*** Opening of Records to process ***

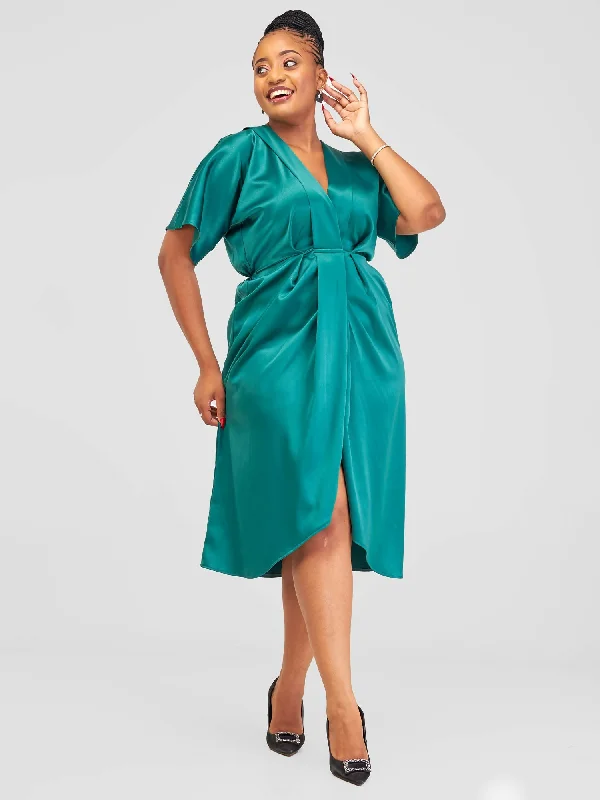 Elsie Glamour Charlotte Fancy Dress - Emerald Green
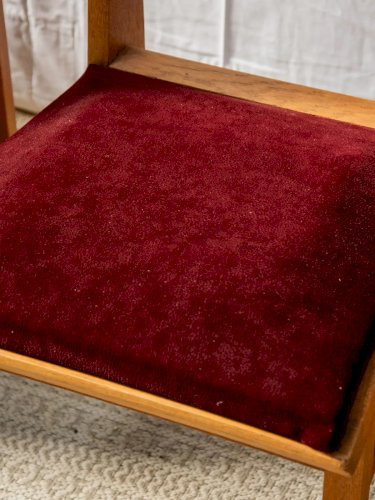 Claude, la paire de chaises en velour N°719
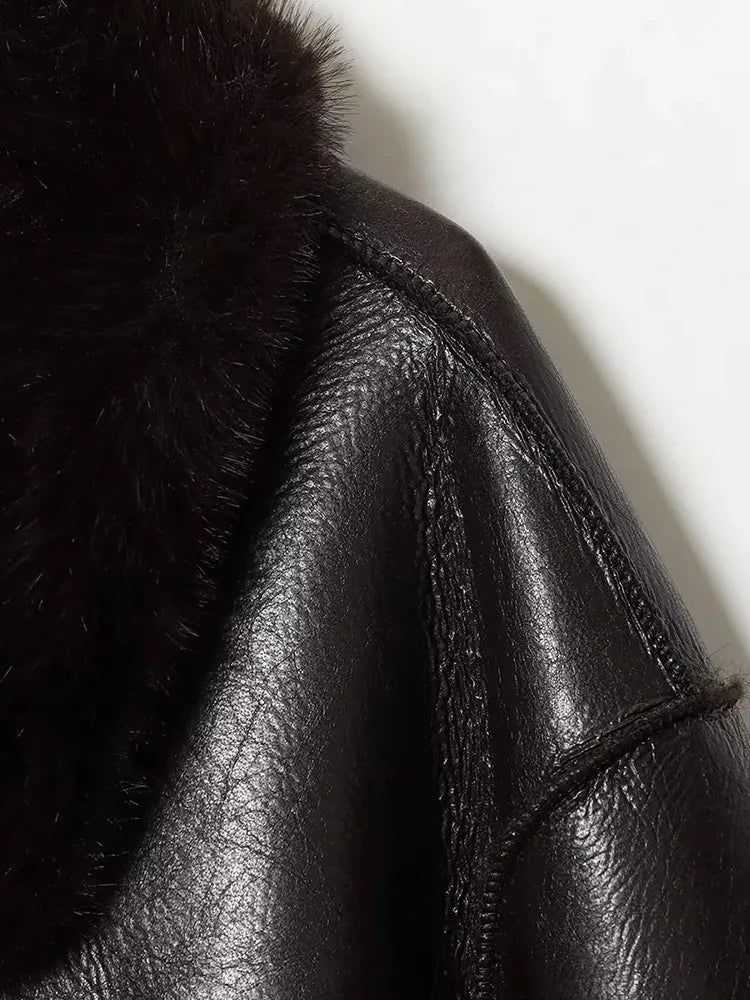 ZEYA - Laila Reversible Faux fur Leather Jacket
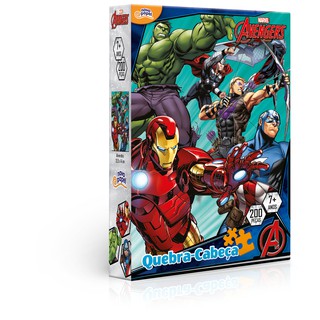 Quebra Cabeça Marvel Os Vingadores 200 Peças - Toyster 8041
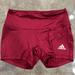 Adidas Shorts | Adidas M Spandex Short Worn Only Once | Color: Red | Size: M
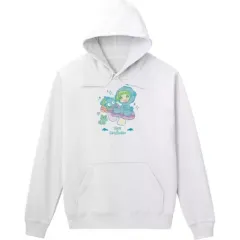 【中古】アウターウェア ウァラク・クララ×ハンギョドン パーカー ホワイト メンズLサイズ 「魔入りました!入間くん×サンリオキャラクターズ」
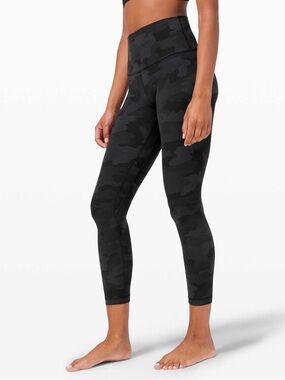 Lululemon Align Pant 25" in Heritage 365 Camo Deep Coal Multi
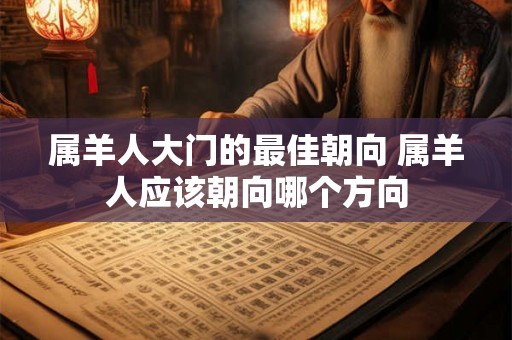 属羊人大门的最佳朝向 属羊人应该朝向哪个方向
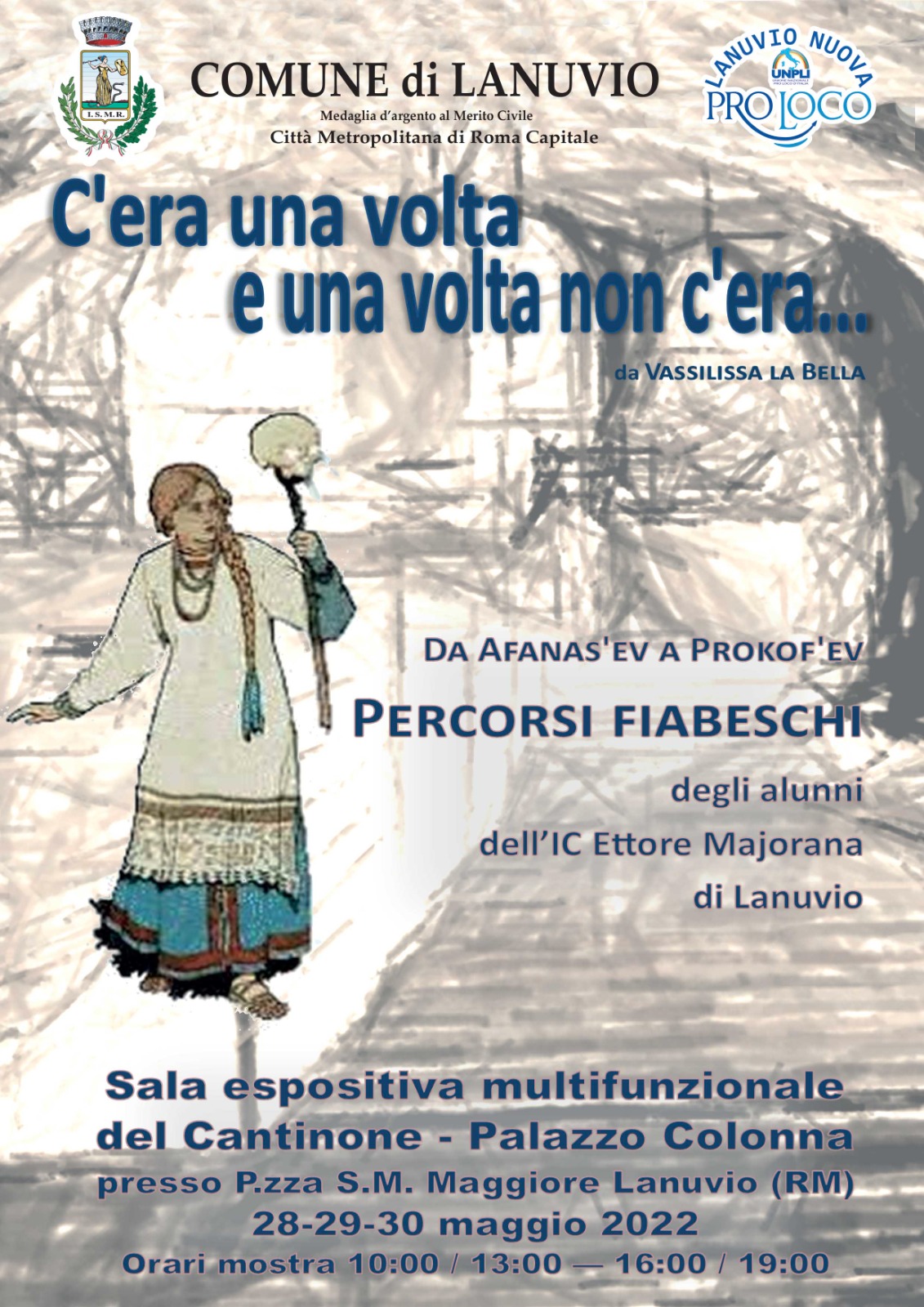 Lanuvio, dal 28 al 30 maggio la mostra “Percorsi Fiabeschi”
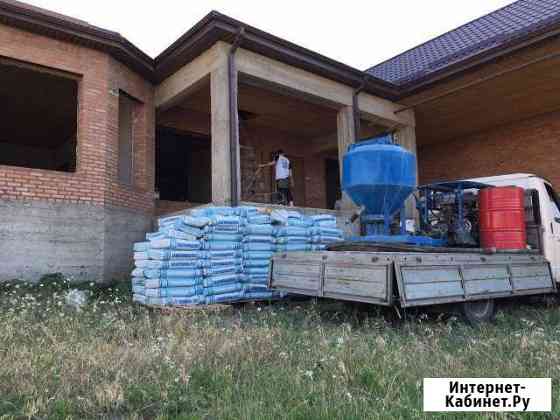 Пенобетон заливка утепление домов Владикавказ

*** Close of Records to process ***

**Exercise prompt**
Your response should consist solely of the lines from the line with "ホワイト メンズLサイズ 「魔入りました!入間くん×サンリオキャラクターズ」" through the last line of the entries above, printed exactly and without pictures.

**Answer section**
 【中古】アウターウェア ウァラク・クララ×ハンギョドン パーカー ホワイト メンズLサイズ 「魔入りました!入間くん×サンリオキャラクターズ」
 Lululemon Align Pant 25" in Heritage 365 Camo Deep Coal Multi
 属羊人大门的最佳朝向 属羊人应该朝向哪个方向
 Lanuvio, dal 28 al 30 maggio la mostra “Percorsi Fiabeschi”
 Пенобетон заливка утепление домов Владикавказ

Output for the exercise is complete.